Das politische Lehrstück führt zur Geschichte und mithin zum heikelsten Teil - wo man sich fragen muß, ob es schon die Zeit gibt, in der das darstellbar ist: die Komplizenschaft der Opfer. Die jüdische Gemeinde mußte die Deportationslisten zusammenstellen, mußte sie zugleich vor den Opfern geheimhalten. Die Verwalter der Gemeinde waren Teil der Todesbürokratie, bei Todestrafe zum Stillschweigen verpflichtet - aber schweigend auch aus Menschlichkeit. Schließlich wurden sie selbst deportiert. Wer von der Deportationsliste gestrichen wurde, veurteilte jemand anderes zum Tode. Die Figur Hans Rosenthal, Freund der Inge, Schieber, immer informiert, repräsentiert diese Komplizenschaft. Lebensfreude und Todesbotschaft sind in ihm verschmolzen. Das Stück thematisiert dies, aber es bleibt ein Rind von Schweigen darum. Wie könnte es auch anders sein.
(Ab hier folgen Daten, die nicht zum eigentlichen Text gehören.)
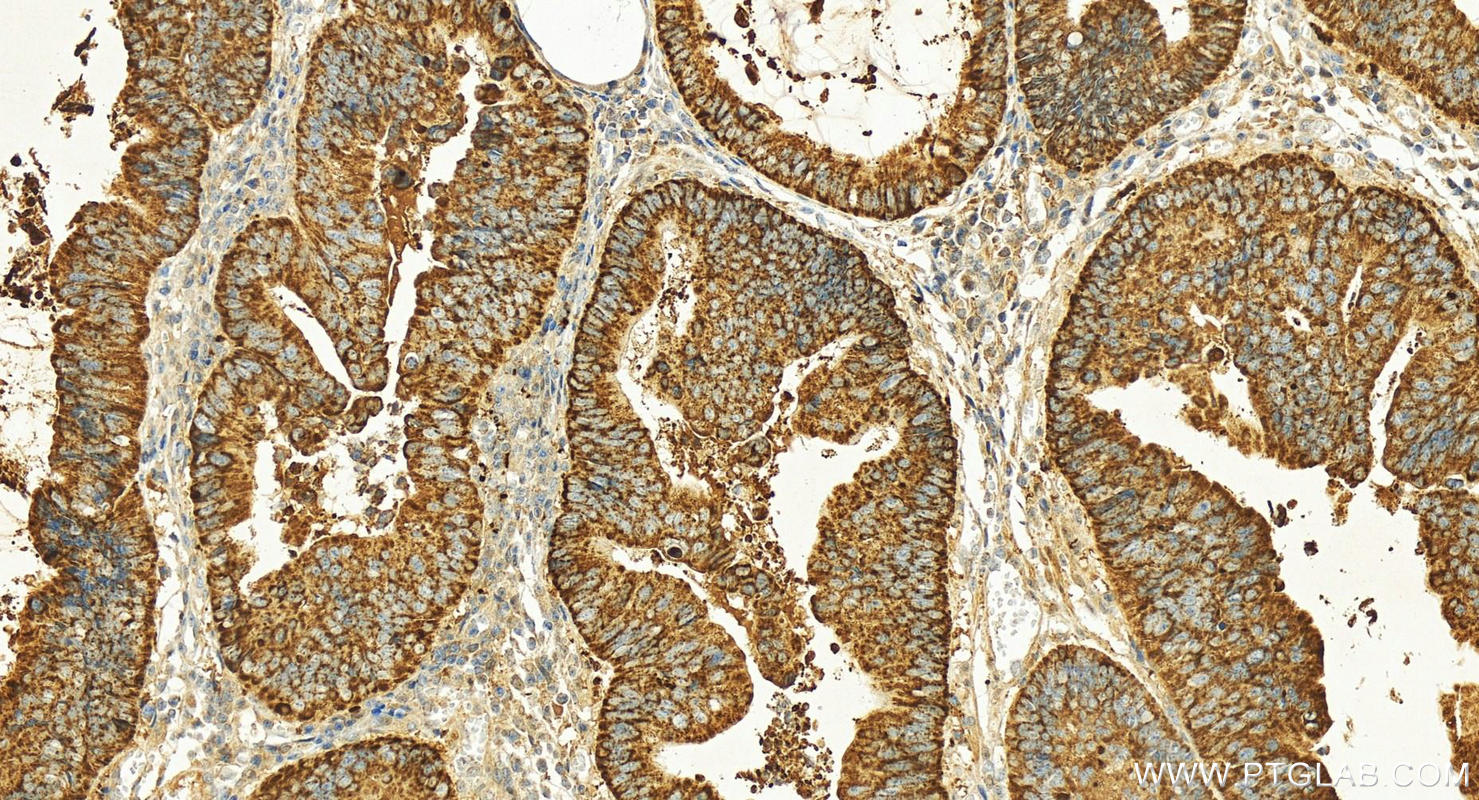 Immunohistochemistry (IHC) staining of human colon cancer tissue using CKMT1A Polyclonal antibody (15346-1-AP)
Großer, langer Beifall am Schluß. Dankbarkeit geradezu gegenüber den Schauspielern, die in verschiedenen Rollen aus sichtbarer Betroffenheit sich zur Spiellust steigerten. Aber auch unverhohlener Szenenbeifall über die kleinen Triumpfe des Überlebens der Inge Deutschkron. Ein Stück Berliner Geschichte wurde zurückerstattet.
Klaus Hartung
Volker Ludwig und Detlef Michel: Ab heute heißt Du Sara, nach dem autobiographischen Bericht Ich trug den gelben Stern von Inge Deutschkron, Musik: Hansgeorg Koch, Regie: Uwe Jens Jensen, Bühnenbild: Mathias Fischer-Dieskau, Kostüme: Yoshio Yabara, Musikalische Leitung und Arrangements: Matthias Witting, Choreographie: Neva Howard.
Es spielen: Thomas Ahrens, Claudia Balko, Claus-Peter Damitz, Michaela Hanser, Rene Hofschneider, Hansi Jochmann, Dieter Landuris, Dietrich Lehmann, Nina Lorck-Scherning, Hanna Petkoff, Renate Reiche, Christian Veit.